Your goal
The pictures stay out; all of the data is to be printed exactly.

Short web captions

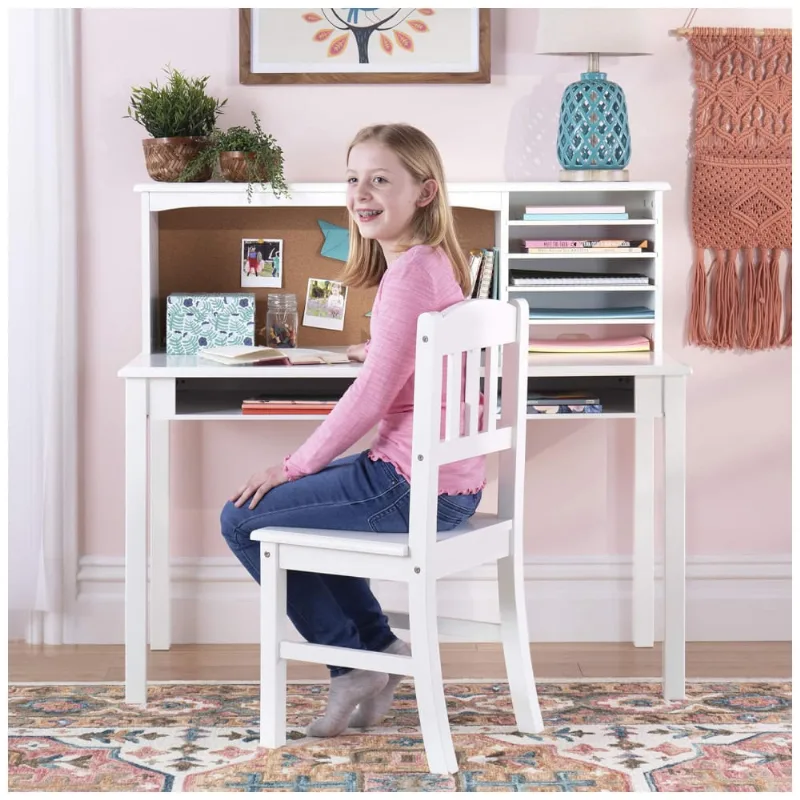 Escrivaninha infantil Guidecraft Kids’ Media Desk branca com hutch, nichos e cadeira em madeira para estudo e uso de computador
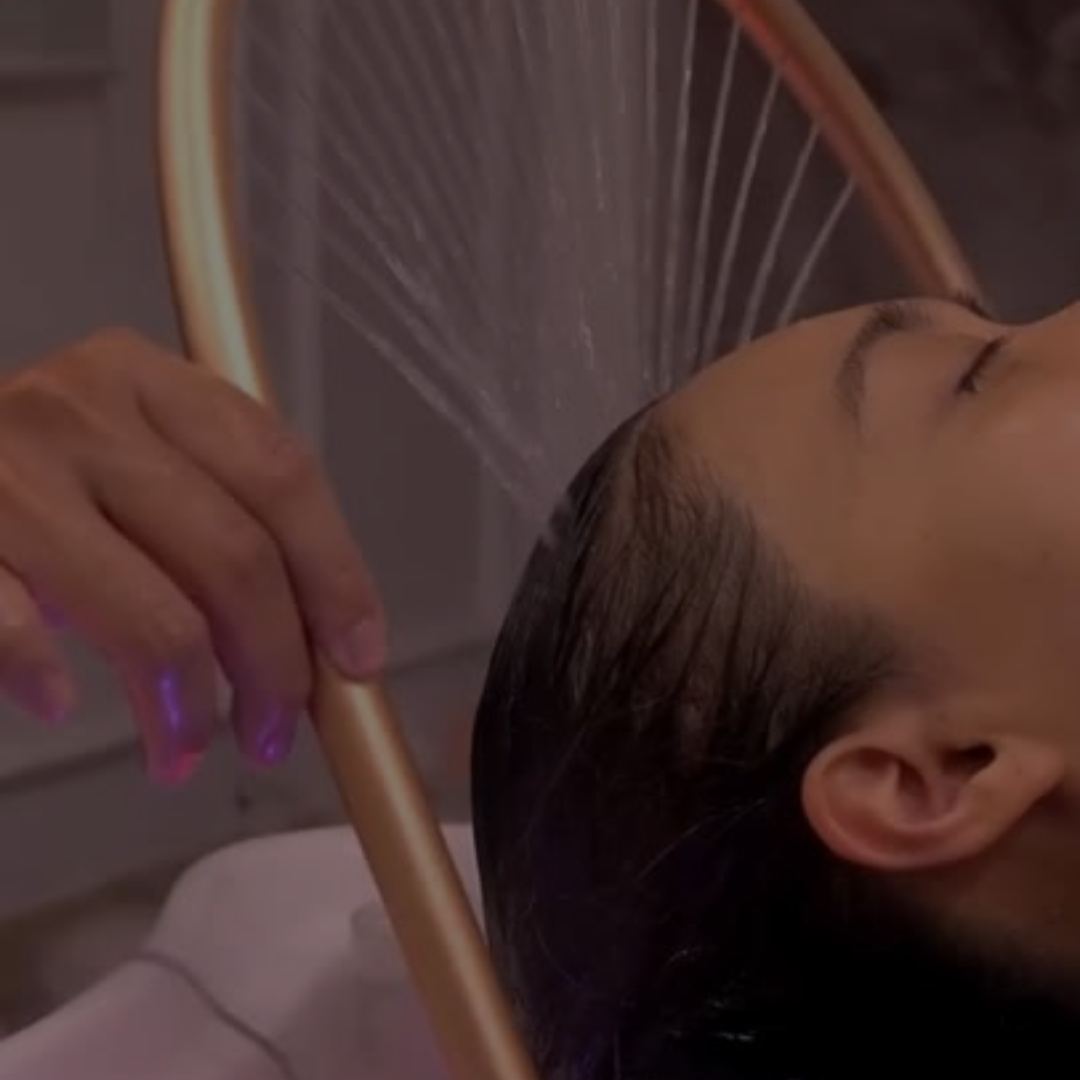 Head Spa à Metz : cliente allongée, arche d'eau et jets d'eau sur les cheveux et le cuir chevelu chez Jenaly Institut Bien-Être
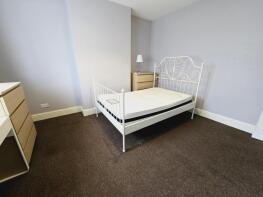 92, Cairnfield Avenue, London NW2 7PE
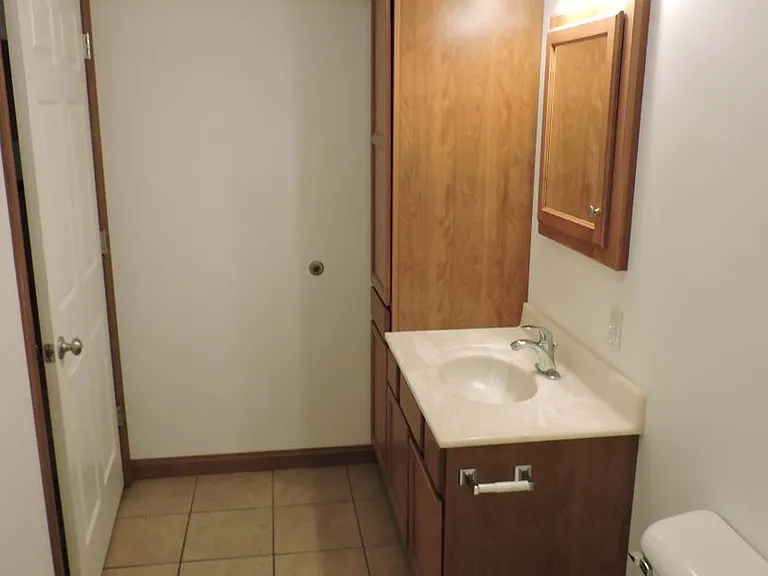 Beautiful Apartments Located 2 Blocks From Penn West Campus — Photo 9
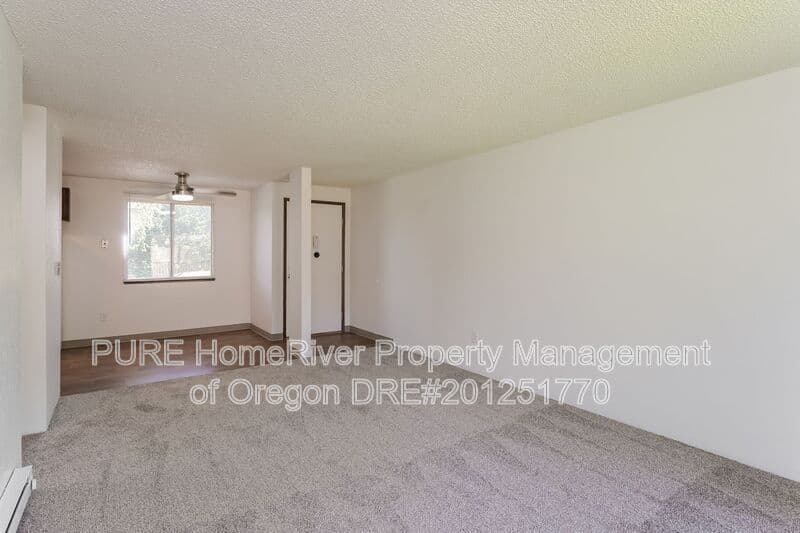 Portland Apartment: 14124-14212 NE Sandy Blvd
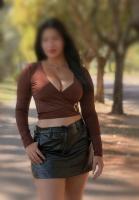 614438827: Chica busca chico en Gerona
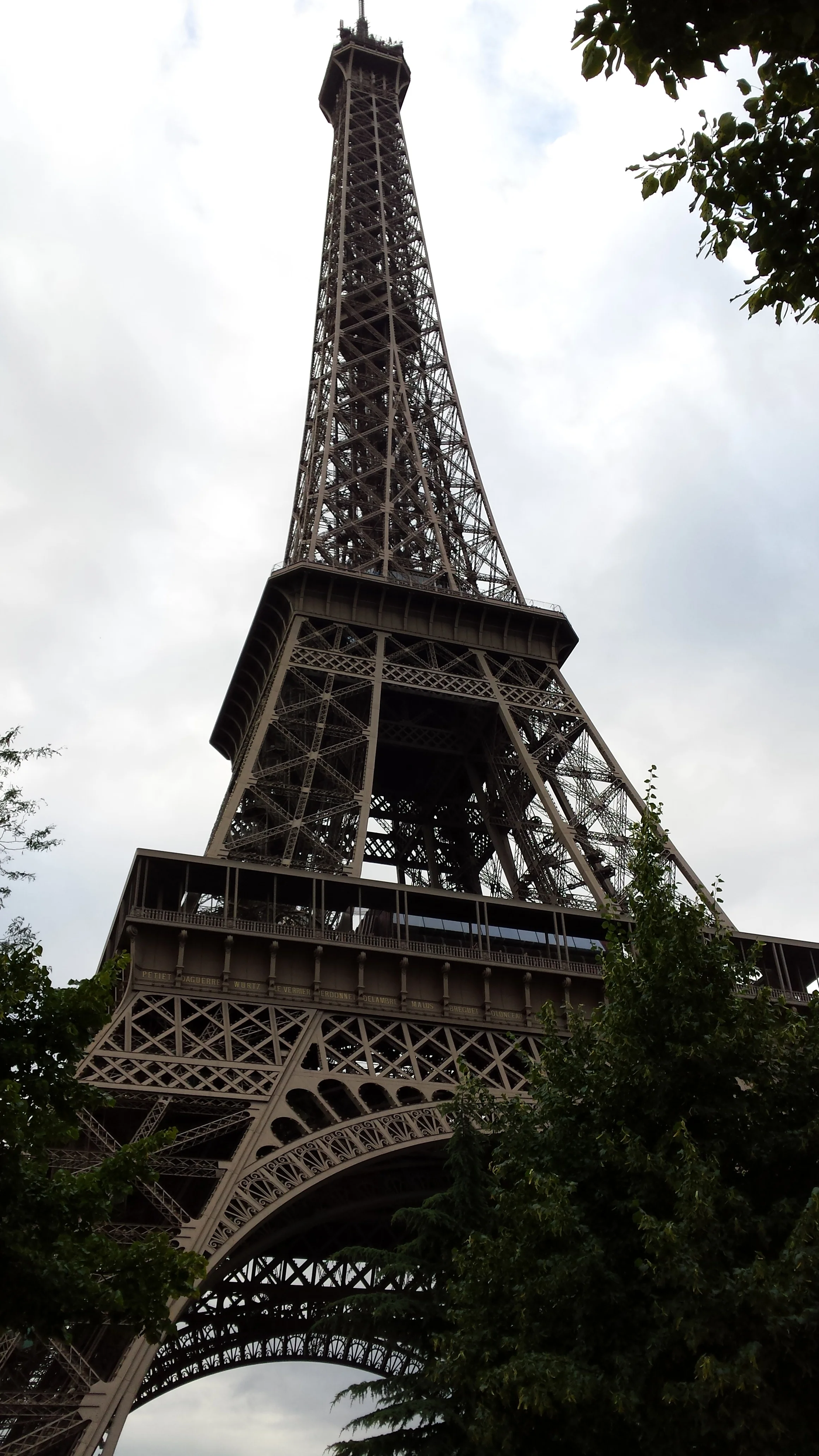 Eiffel Tower in daylight.jpg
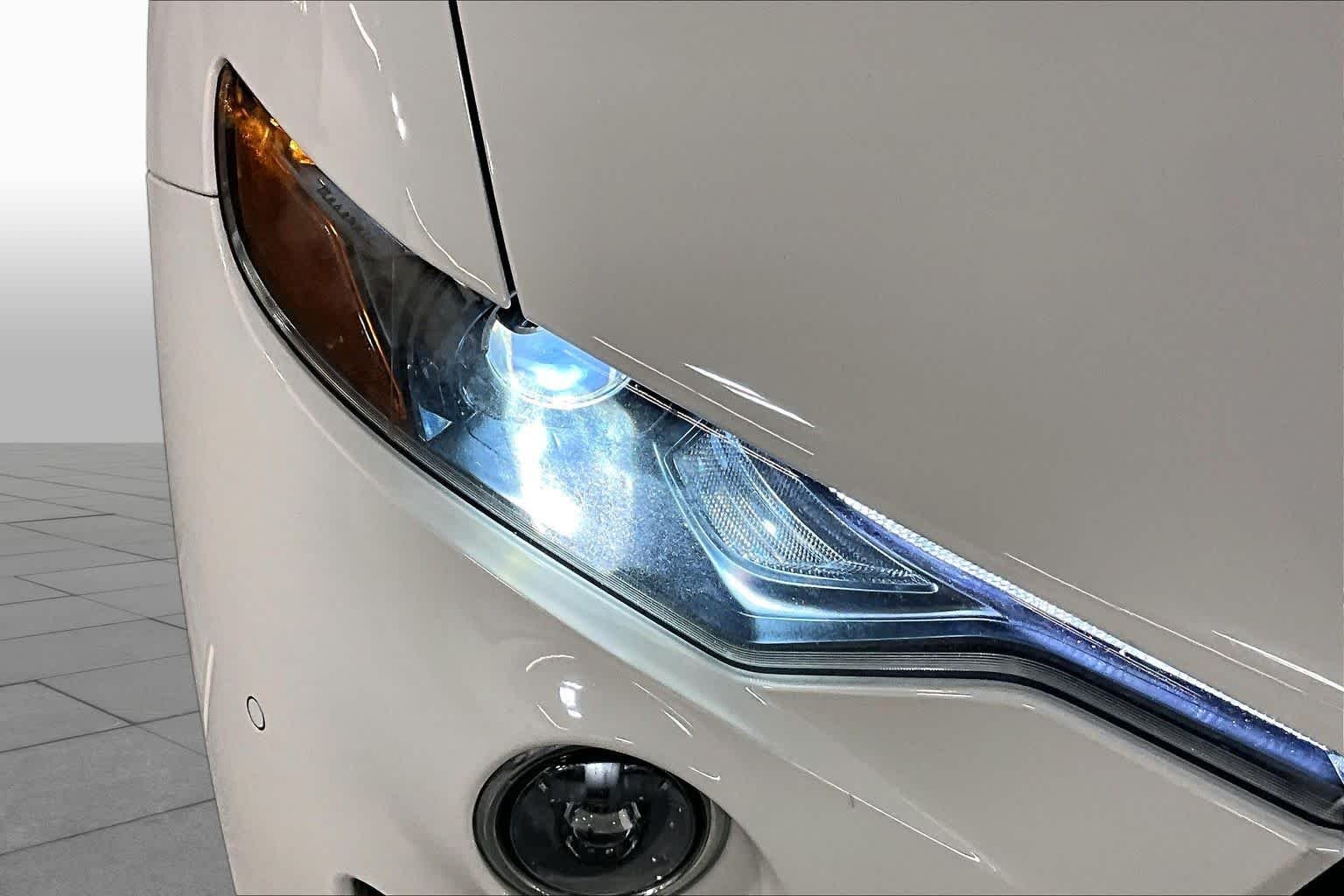 Used 2019 Bianco Maserati  image 30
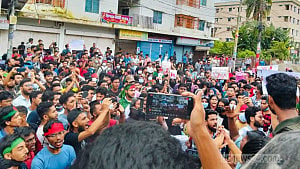 কোটা: সিলেটে পৌনে ৩ ঘণ্টা মহাসড়কে অবস্থান শিক্ষার্থীদের, আটক ১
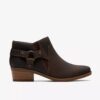 Botines de mujer Danyelle Gema en piel aceitada color topo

Answer section
 Escrivaninha infantil Guidecraft Kids’ Media Desk branca com hutch, nichos e cadeira em madeira para estudo e uso de computador
 Head Spa à Metz : cliente allongée, arche d'eau et jets d'eau sur les cheveux et le cuir chevelu chez Jenaly Institut Bien-Être
 92, Cairnfield Avenue, London NW2 7PE
 Beautiful Apartments Located 2 Blocks From Penn West Campus — Photo 9
 Portland Apartment: 14124-14212 NE Sandy Blvd
 614438827: Chica busca chico en Gerona
 Eiffel Tower in daylight.jpg
 Used 2019 Bianco Maserati  image 30
 কোটা: সিলেটে পৌনে ৩ ঘণ্টা মহাসড়কে অবস্থান শিক্ষার্থীদের, আটক ১
 Botines de mujer Danyelle Gema en piel aceitada color topo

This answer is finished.